The buffer overflow attack allows code to be executed on the target machine but there are other ways to achieve this. For example, if the attacker can get an application installed on the server that seems to do something useful but in fact serves to provide access for them (a Trojan Horse). Once the attacker can run code on the server, they can start to look for something to do. One target might be the passwords of legitimate users, another might be to launch an attack on another system.

Application Security

Of course, the most obvious channel is the one we use to serve web applications. All web servers must listen for requests and it is via this route that most attacks are sent these days. These are attacks either on the HTTP server itself or, more commonly, on web applications that are processing the requests.

Web applications are written in many languages, Python, Java, Javascript, and accept input from HTTP requests, generating HTML, JSON or other content in response. These applications are subject to attack and can prove to be vulnerable.

Injection Attacks

An injection attack is one where the attacker tries to insert executable content into the input of a web application such that it will be run on a target system. The two main examples are SQL Injection and Cross Site Scripting. The latter is covered in the chapter on Front-end Security.

An SQL injection attack will work on a web application that uses an SQL database for data storage and creates queries for that database based on user input. For example, to find the details of a person given their last name we might have a query like:

select * from people where last='Cassidy'    

The application might substitute input from the user in the last part of the query (instead of 'Cassidy'). Depending on how this is done, it could lead to problems.

In the above example all is well but if the last name of the person was "D'Arcy" then the query we would construct would be:

select * from people where last='D'Arcy'

which is badly formed because of the extra single quote. This might cause the application to crash.

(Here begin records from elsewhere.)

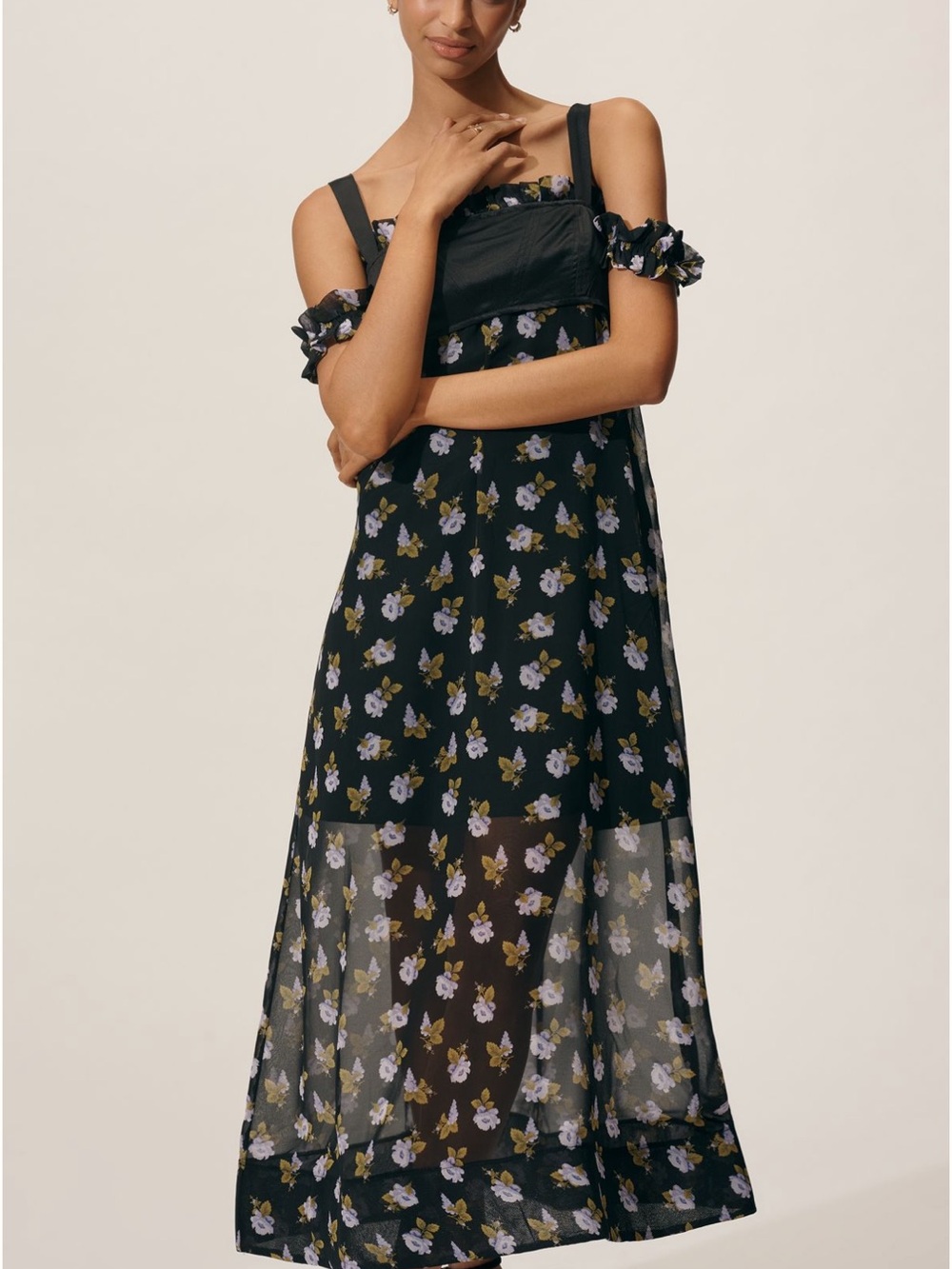 Maeve Anthropologie Off-Shoulder Floral Maxi Dress xxs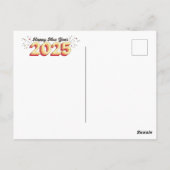 ハッピーニューイヤー2025レトロ3dタイポグラフィデザイン ポストカード (裏面)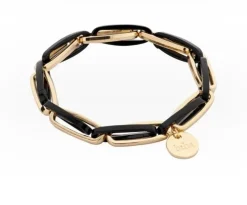 Armband Gliederarmband Schwarz Grau Acryl Nickelfrei Biba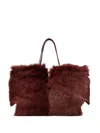 Tod's Logo-detail Fur Tote Bag In Burgundy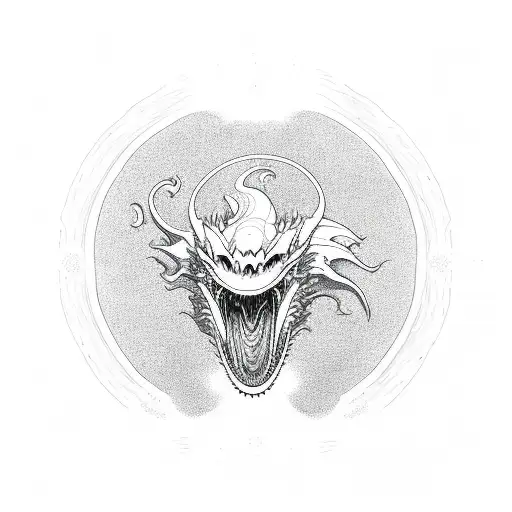 Dragon With Red Sun On The Top Of His Head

Even worse, if a malicious user senta last name of "x'; delete from people where 'a'='a" the query would be:

select * from people where last='x'; delete from people where 'a'='a'

which would delete every row from your database. This is the basis of the so-called SQL Injection attack that is a very common exploit on the web.

To resolve this, the programmer needs to make sure that any value that is inserted into a query does not contain special characters like '. Most programming interfaces to databases provide very easy ways to manage this and so there should never be a reason to write an application vulnerable to this kind of attack. For example, in a Node server application using the SQLite database via the sqlite3 package, we would write the following:

  const result = await db.get(
    'SELECT * FROM people WHERE last=?',
    lastname);

Here, the question mark is a placeholder in the query and the database interface will insert the value of lastname in an appropriate way to make sure that the query is safe. As long as this pattern is followed, the application is protected from SQL injection.